But not all orders can be enforced by a contempt action. The Texas Constitution protects people from being jailed for the non-payment of a debt. Tex. Const. art I, § 18. In the family law context, a debt can be an obligation to provide for spousal support or child support that goes beyond the duties imposed by the Family Code. See In re Green, 221 S.W.3d 645 (Tex. 2007). These obligations may arise from agreements between the parties in the course of settling their divorce or the suit affecting the parent-child relationship—for example, an agreement to pay alimony or child support beyond the child’s 18th birthday. This does not mean that these obligations aren’t enforceable at all—only that they cannot be enforced by throwing the other party in jail. Rather, in these situations, the court’s order may be treated as a contract. See generally Markowitz v. Markowitz, 118 S.W.3d 82, 90 (Tex. App.—Houston [14th Dist.] 2003, pet. denied) (holding that “agreements incident to divorce become enforceable contracts when they are incorporated into a final decree.”) While jail time might not be available, there are other tools a court can use to attempt to make a party obey it’s orders, such as income withholding or child support liens. See Tex. Fam. Code §§ 157.001 et seq. and 158.001 et seq.

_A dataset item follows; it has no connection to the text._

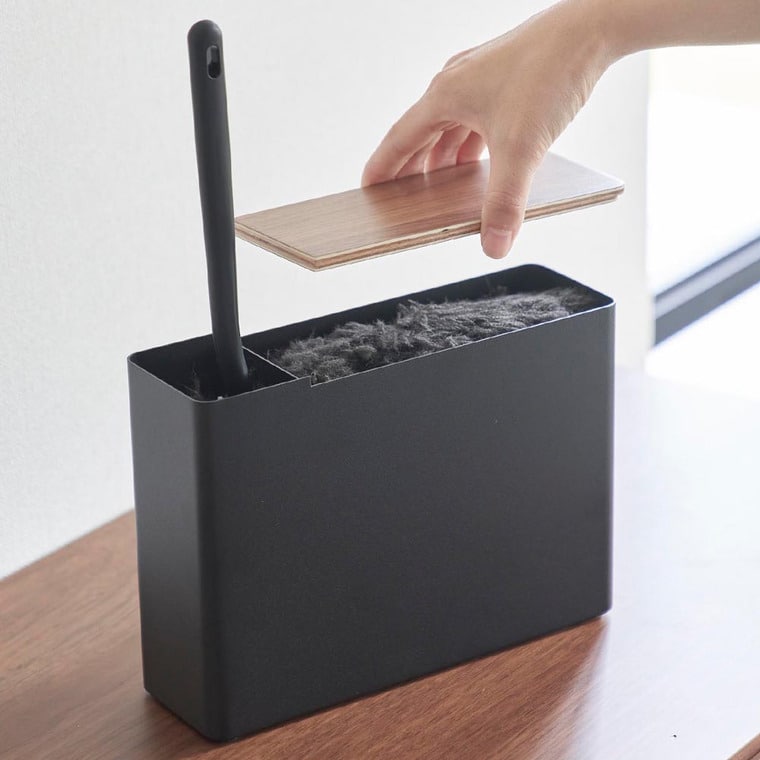 (土・日発送可) 替えモップ入れ付きハンディーワイパースタンド リン 山崎実業 公式 RIN 1836 1837 ブラウン ナチュラル 送料無料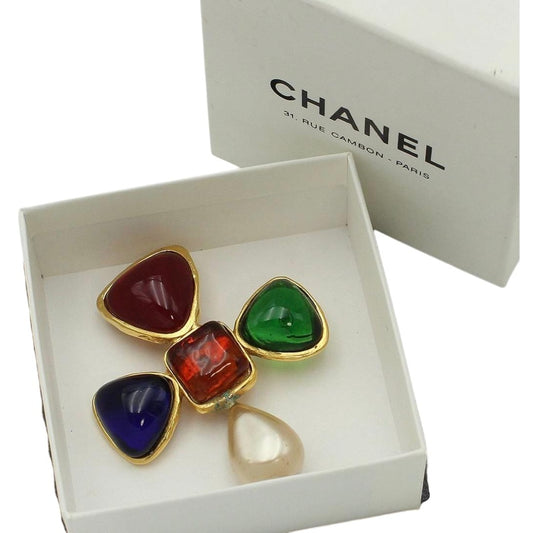 Chanel Gripoa and Faux Pearl Cross Brooch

By contrast, orders that are enforceable by contempt are those which were authorized by the Family Code. “The obligation which the law imposes on spouses to support one another and on parents to support their children is not considered a `debt’ within Article I, section 18, but a legal duty.” See In re Green, 221 S.W.3d at 647 (quoting Ex parte Hall, 854 S.W.2d 656, 656-57 (Tex. 1993)). Thus, for example, if your obligation arose not through agreements and bargaining with your spouse but through the application of the child support guidelines to your income, a failure to fulfill the court-ordered duties may result in enforcement through contempt.

Yet even this does not end the inquiry. “To be enforceable by contempt, a judgment must clearly order or command a party to perform the obligations imposed and the terms for compliance must be clear and unequivocal.” In re Coppock, 277 S.W.3d 417, 418 (Tex. 2009). A judgment that does not clearly state what the party must do is not one that can be enforced through the threat of jail.

            Because enforcement of an order is not so clear cut as to find a party in contempt for even egregious violations of an underlying court order, it is important to consult with an attorney concerning the ways to enforce an order or to defend against a motion for contempt.